Para entidades de defesa do consumidor, medida é inconstitucional

O Senado aprovou ontem, em votação simbólica, o projeto que cria o chamado cadastro positivo de bons pagadores. Os senadores optaram por votar o projeto mais simples, que possui apenas dois artigos: um que modifica o Código de Defesa do Consumidor (CDC) e outro que apenas estabelece a criação do cadastro, sem detalhamento. O projeto deixa claro que o consumidor será consultado e autorizará ou não a inclusão de seu nome na lista. A regulamentação ficará a cargo do Executivo. O projeto já passou pela Câmara e segue à sanção presidencial.
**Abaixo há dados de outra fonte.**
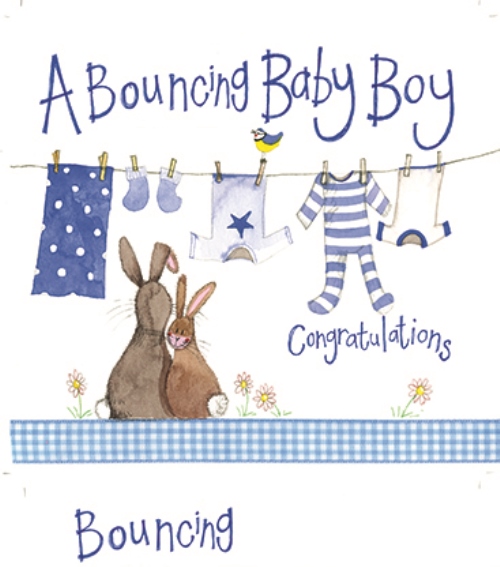 Blue Washing Line Baby Boy Card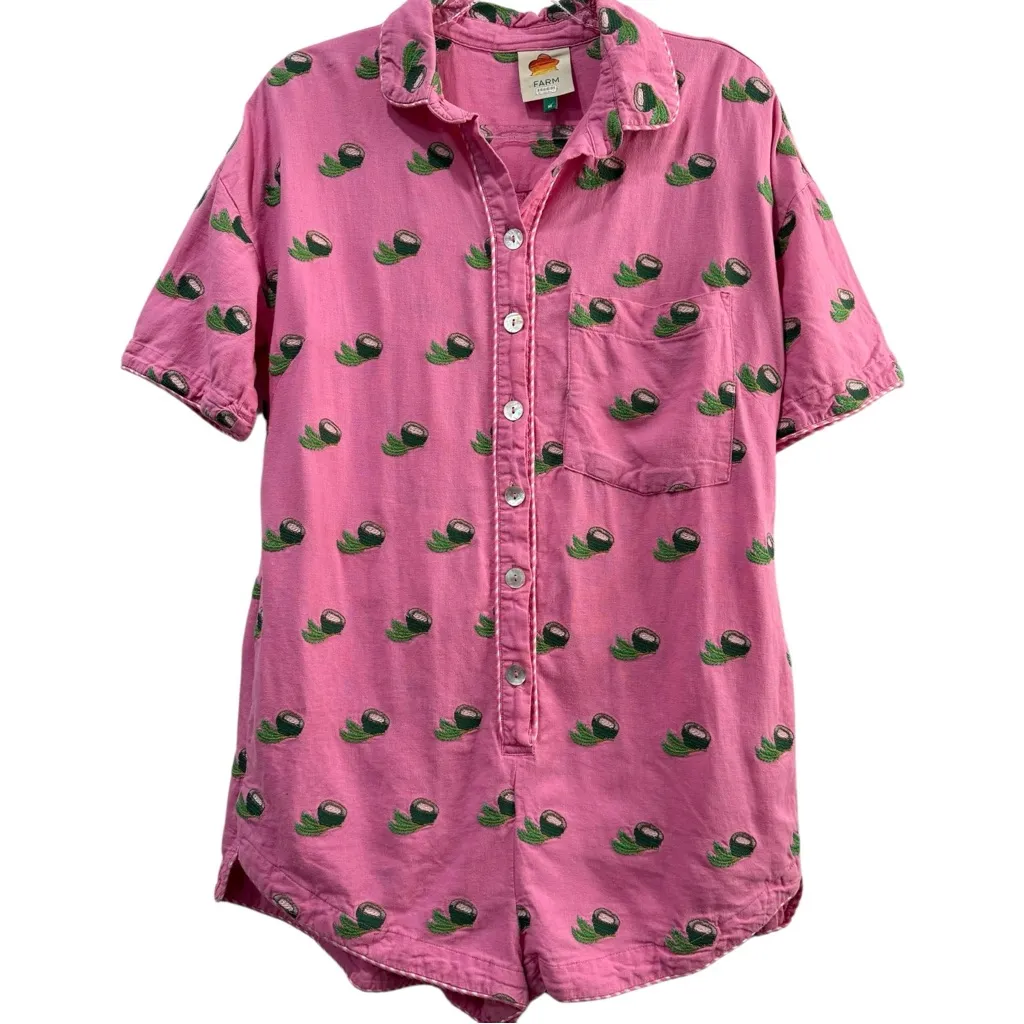 Farm Rio Cross Stitch Coconut Embroidered Pink Playsuit Romper Size‎ Medium $255 - Image 4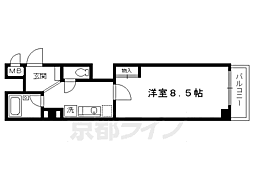クオーレ京都 4階1Kの間取り
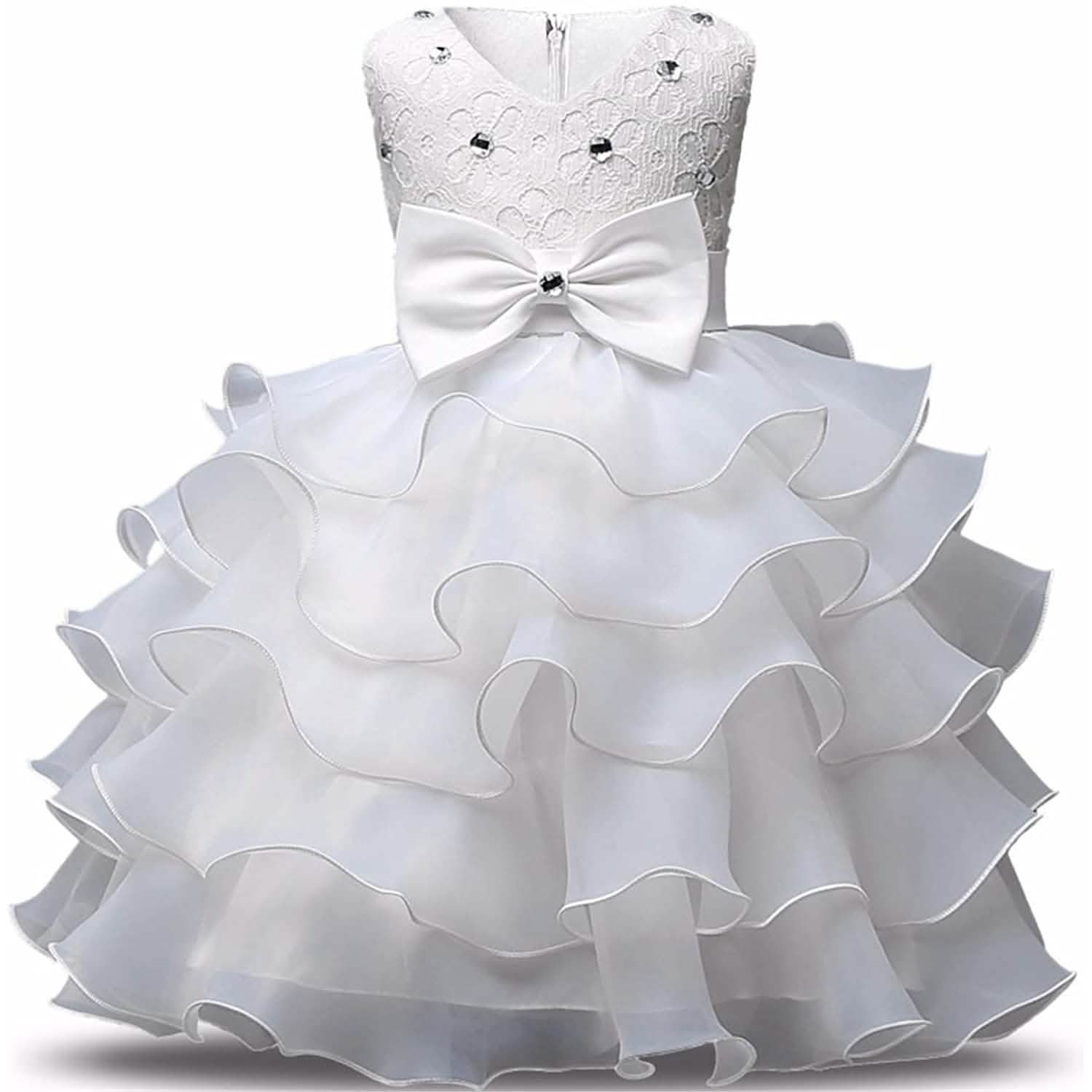 Girl Dress Kids Ruffles Lace Party Wedding Gown White / 6-7 Years Girl Dress Kids Ruffles Lace Party Wedding Gown White / 6-7 Years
O Código garante ao consumidor acesso às informações sobre ele em cadastros e proíbe a permanência de dados negativos num período superior a cinco anos. Integrantes do Sistema Nacional de Defesa do Consumidor consideram inconstitucional o projeto aprovado, pois fere o artigo 5º da Constituição, que garante o direito à privacidade. Se o presidente sancionar a lei, a Associação Nacional do Ministério Público do Consumidor (MPCom) entrará com ação questionando sua constitucionalidade.
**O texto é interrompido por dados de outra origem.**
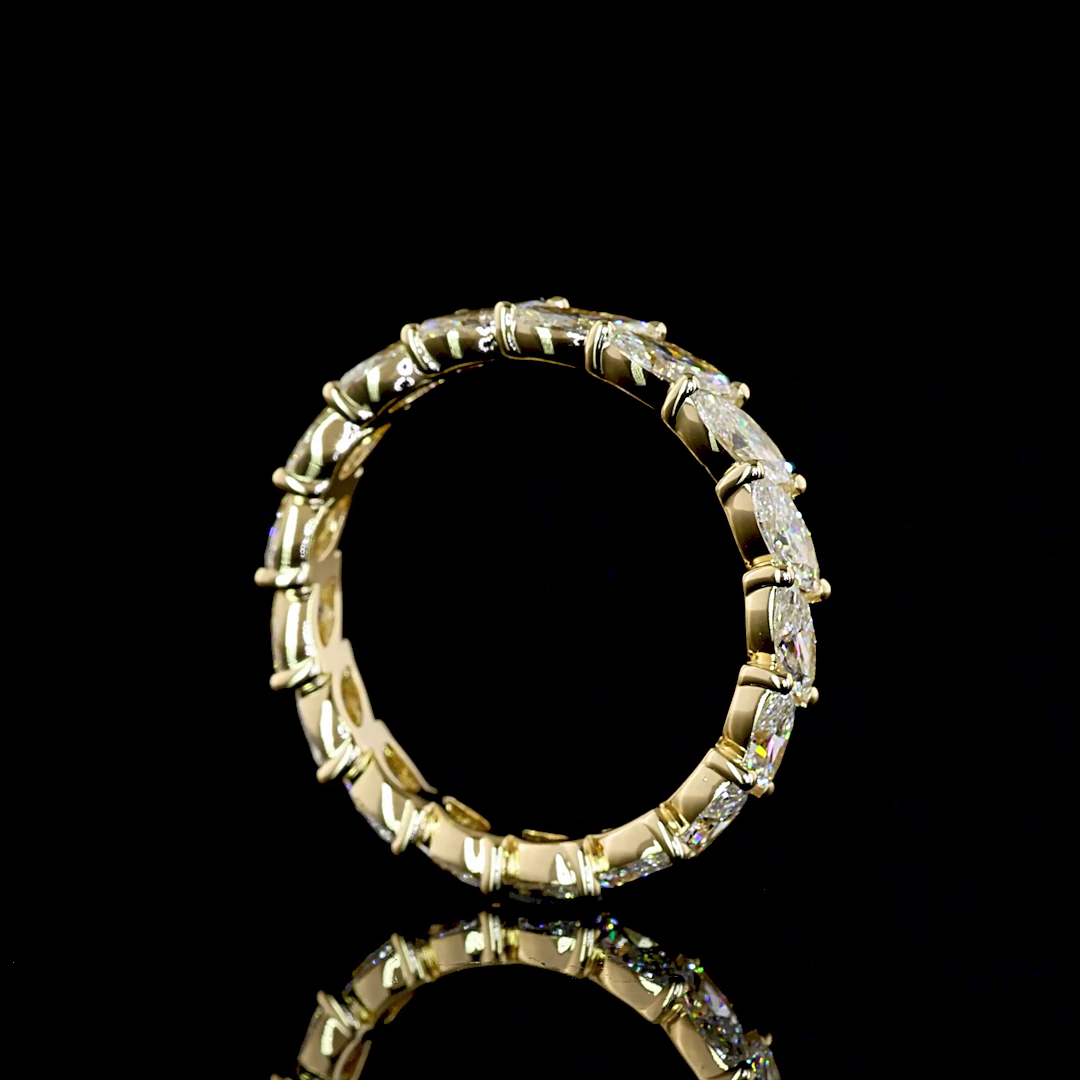 2.22 CTTW Marquise Lab Grown Diamond Full Eternity Sz. 6.5 (E Color and VS Clarity)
Segundo o líder do governo no Senado, Romero Jucá (PMDB-RR), houve opção por votar o projeto de autoria do ex-senador Rodolpho Tourinho (DEM-BA) porque o projeto do deputado Maurício Rands (PT-PE), que foi amplamente debatido com as entidades de defesa do consumidor, é muito detalhado.

- O cadastro positivo é uma vitória importante para diminuir os juros no Brasil. E ninguém vai ser pressionado a abrir seus dados, sem consentimento - justificou Jucá.
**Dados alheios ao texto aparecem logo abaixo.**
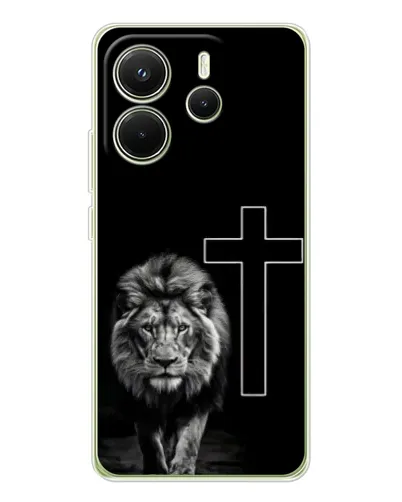 Чехол для Xiaomi Redmi Note 14 4G (Global) с картинкой «Лев и Крест»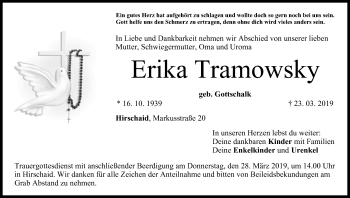 Anzeige von Erika Tramowsky von MGO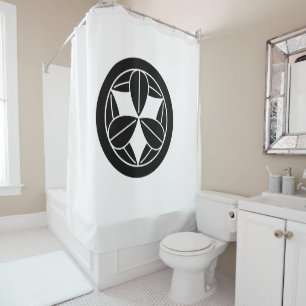Nine bamboo leaves in circle shower curtain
Rands, porém, criticou a decisão dos senadores:

- Aprovaram um projeto incompleto. O projeto mexe com direitos e garantias individuais e a regulamentação não deveria ser remetida ao Executivo, pois direitos individuais são melhores protegidos por lei.

José Augusto Peres Filho, presidente do Ministério Público do Consumidor, afirma que o projeto deixará para as empresas as decisões sobre os dados:

- Somos teoricamente contra o cadastro positivo. Ainda mais criado dessa forma, sem que sejam dadas salvaguardas para o consumidor poder sair do cadastro quando quiser- disse.

Ricardo Morishita, professor de Direito do Consumidor da Fundação Getulio Vargas (FGV), disse que uma das preocupações é sobre dados sensíveis dos consumidores como cor, religião, orientação sexual:

- Algumas garantias já previstas no CDC são anuladas por este projeto - criticou.

Gisela Simona de Souza, do Procon de Mato Grosso, lembra que ontem entrou no ar um blog criado pelo Ministério Público para ampliar o debate sobre bancos de dados pessoais:

- Uma aprovação feita assim, no apagar das luzes do ano, é fugir do debate.

João Paulo Carvalho Dias, presidente do Fórum de Defensores Públicos, afirma que as pessoas mais pobres são as que mais vão sofrer com este cadastro.